Dataset records:
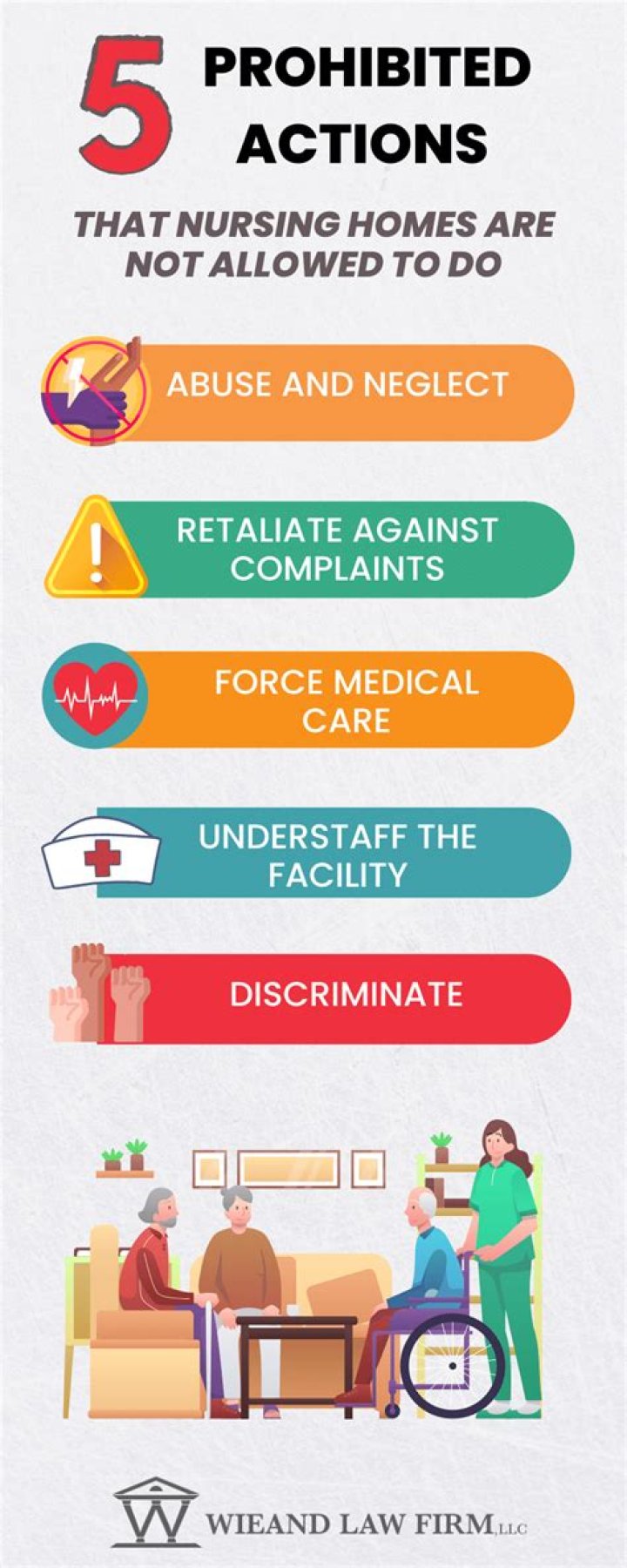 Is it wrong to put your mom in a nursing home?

...

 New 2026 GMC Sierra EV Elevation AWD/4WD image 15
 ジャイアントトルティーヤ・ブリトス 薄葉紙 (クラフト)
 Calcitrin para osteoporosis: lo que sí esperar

* * *

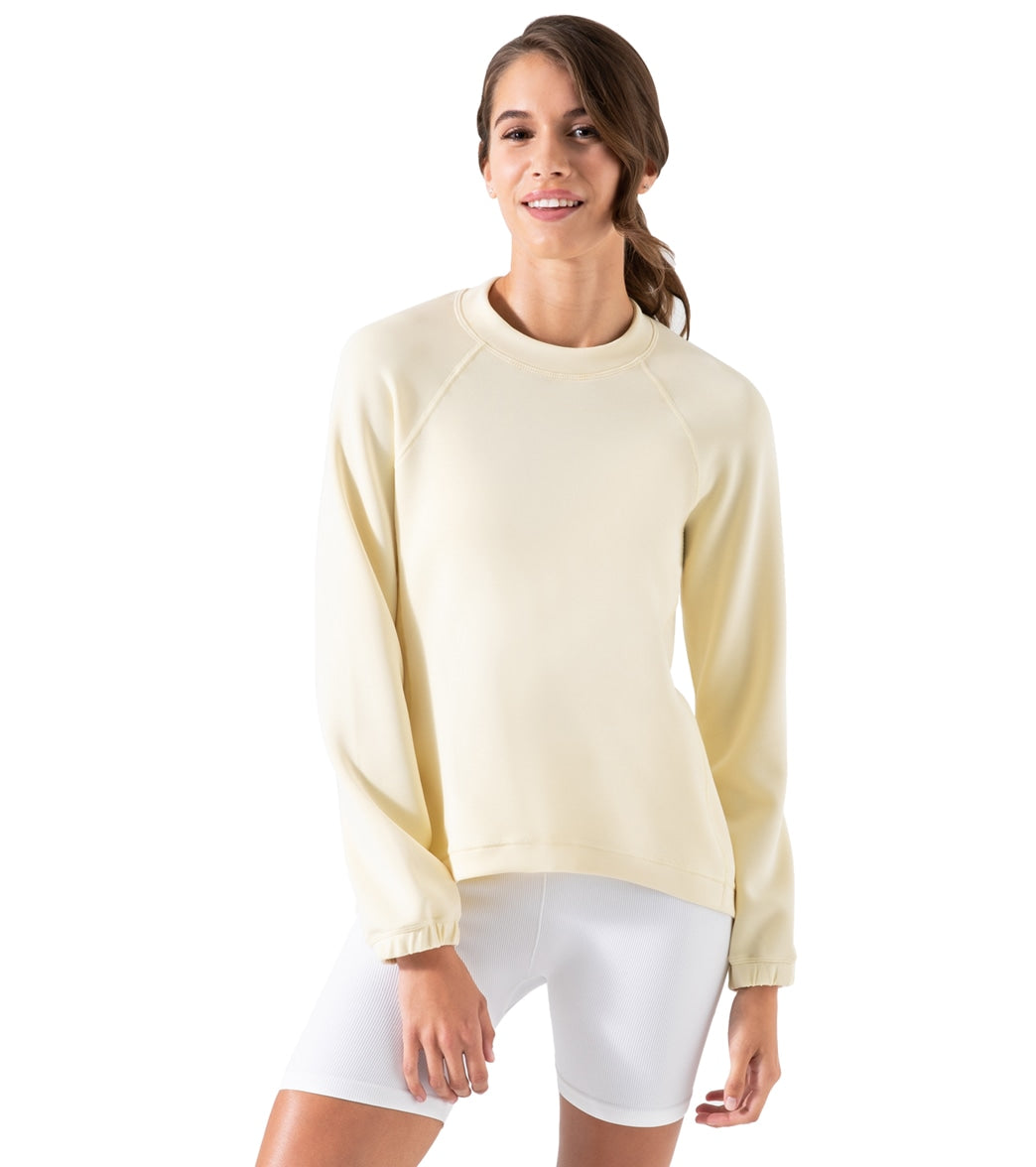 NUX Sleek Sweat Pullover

Directions for this task: Starting with the line above that holds "New 2026 GMC" and stopping with the line that holds "Calcitrin para osteoporosis: lo", reproduce each line exactly, omitting all other lines.

Result of this task:
 New 2026 GMC Sierra EV Elevation AWD/4WD image 15
 ジャイアントトルティーヤ・ブリトス 薄葉紙 (クラフト)
 Calcitrin para osteoporosis: lo que sí esperar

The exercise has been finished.